Back in 2012, Single Platform promised to help small businesses get discovered through web and mobile searches. It claimed to give small businesses a single place to update their critical business information and deliver that information across a publishing network, reportedly reaching more than 200 million consumers per month. The phrase “a single place” is key. Why shouldn’t that place be the one you control – your website that you own?

Let’s think about that 200 million number for a moment. How many of those are truly quality consumers who would actually come to your restaurant? Is this a case of more is just more? Put in context, in January 2017, TripAdvisor shared it “currently averages 390 million monthly unique visitors.” That number grows if you count traffic from Google My Business and Yelp.

Now compare that to search results detailed in a Google My Business Insights Study from Fall 2017 thru December 2018. We suggest that these statistics would tend to include a more qualified customer.

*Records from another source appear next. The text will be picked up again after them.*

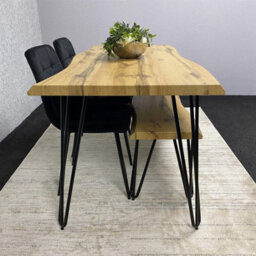Kosy Koala Modern Dining Table Set With 2 Black Velvet Chairs And Bench Kitchen Dining Room Furniture - thumbnail 9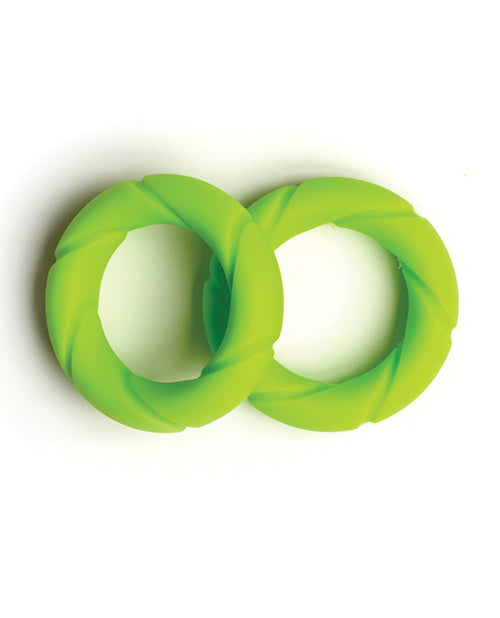 Sport Fucker Ready Rings - Green by Sport Fucker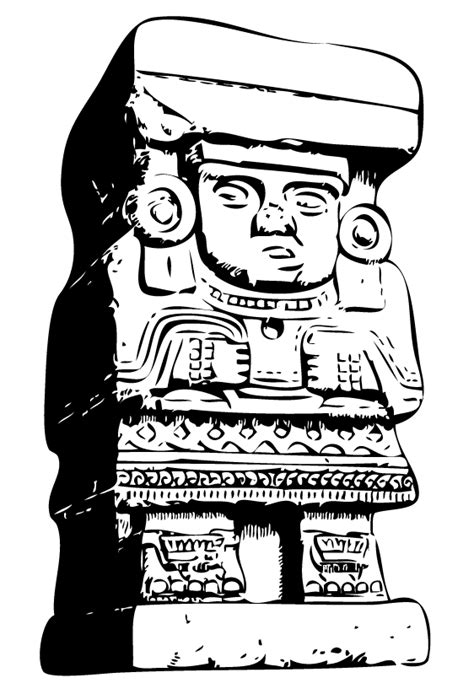 Dibujo De Chalchiuhtlicue Diosa Azteca Del Agua Para Colorear Dibujos
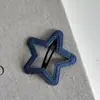 Azul Denim Gota D'água Retangular Presilha BB Presilha Franja Nova Fofa Nuvem Estrela de Cinco Pontas Coração Presilha de Cabelo Presilha Lateral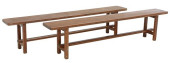 (2) RUSTIC ITALIAN OAK LONG SE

  • The average local business receives 1,260 views each month – 943 on Search and 317 on Maps
  • 75% of businesses’ Google My Business listing views are on Search
  • 49% of businesses receive more than 1,000 Views on Search per month

Since the arrival of the Internet, the phrase “distribution channel” has shaken up many an industry. Travel agents previously booked hotels, flights, cruises and car rentals. Your local news was delivered to your driveway each morning. Music was carried over the airwaves on your car radio. Correspondence and bills were delivered to your physical mailbox. The one thing that is certain is that distribution channels continue to be eliminated.

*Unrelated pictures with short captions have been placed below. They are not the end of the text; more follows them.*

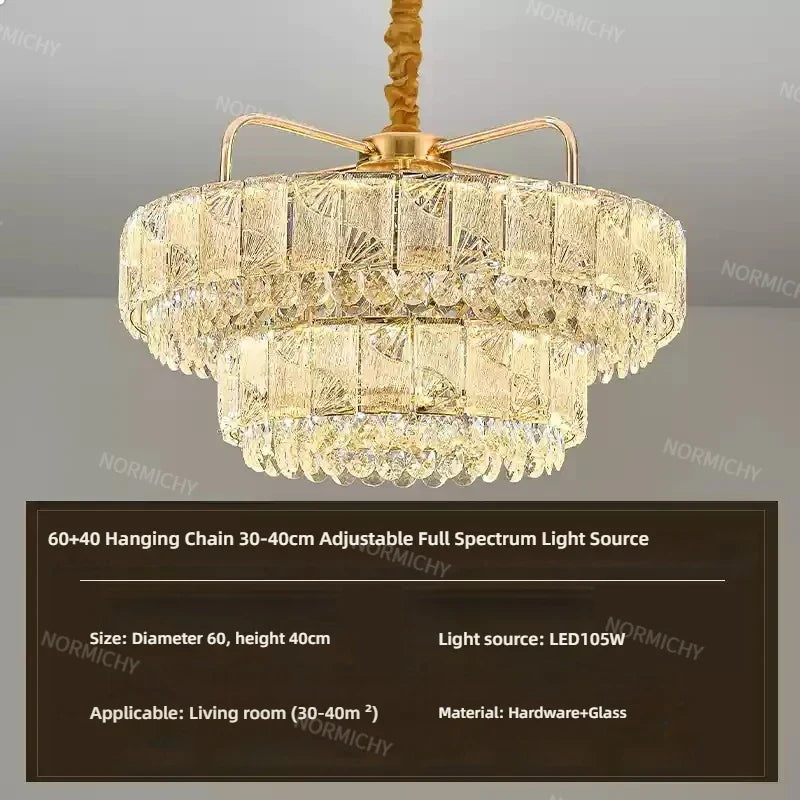 Afralia™ Luxury Crystal Pendant Light for High-End Atmosphere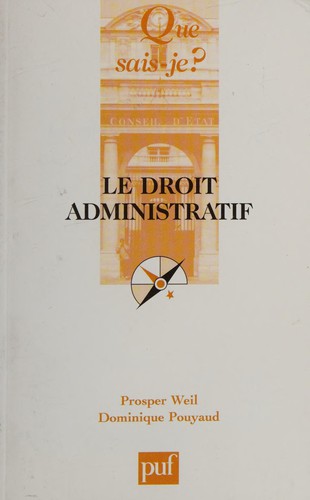 Cover for Le droit administratif
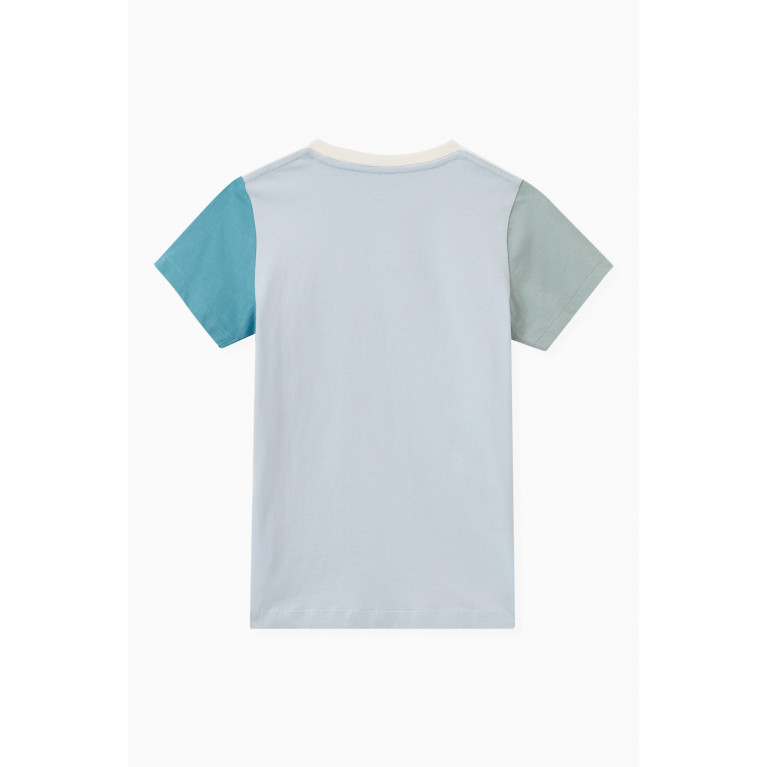 Hackett London - Colour-block Logo T-shirt in Cotton White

Single Platform is a distribution channel that relies on third parties willing to distribute their data. Interestingly, Single Platform’s website highlights Google, Facebook, Yelp, TripAdvisor, Foursquare and YP (Yellow Pages). So one has to wonder, are they adding your data into their system and then flowing it into these other websites or is it being inserted into your claimed listings? Why would you want your menu to appear on a bunch of other websites to fight for SEO space and take away from the top four contenders highlighted above?

With today’s technology, the least expensive way to highlight your restaurant menu may be on your restaurant’s website. Creating a website and/or adding a menu within an existing website is fairly cheap compared to, as of this writing (August 2020), Single Platform’s cost per month ranging from $109 to $199 a month.

In closing, below are two real-life experiences with Single Platform.

  1. A restaurant manager was receiving complaints because supposedly the restaurant’s online menus were displaying certain food items not on the menu presented by waitstaff. With a little research, it was determined that an outdated menu (obtained unknown to the restaurant) was added on their Google My Business listing courtesy of Single Platform. Once identified as the source of the customer complaints, the restaurant’s menu link from its website replaced Single Platform’s data. The problem disappeared.
  2. From 2012 to 2019 a salesman would routinely call and state he or she was with Constant Contact and ask to only speak with the restaurant manager. Since December 2019, they now call and claim to be with TripAdvisor when he or she actually works with Single Platform. A business relationship should be the best it can be when you are being wooed. Working with an ethical company is critically important.
  3. Even restaurants that do not take reservations on OpenTable are now flowing unauthorized menu content from Single Platform.

If you are a restaurant advertiser on the real TripAdvisor website, you should be able to get that ad manager to flag your account so Single Platform finally stops calling.

In the end, your ultimate goal is that YOUR website achieves the #1 spot in search results and that it house your online menu. All marketing avenues should lead consumers back to your website as that’s the one and only place your menu should reside.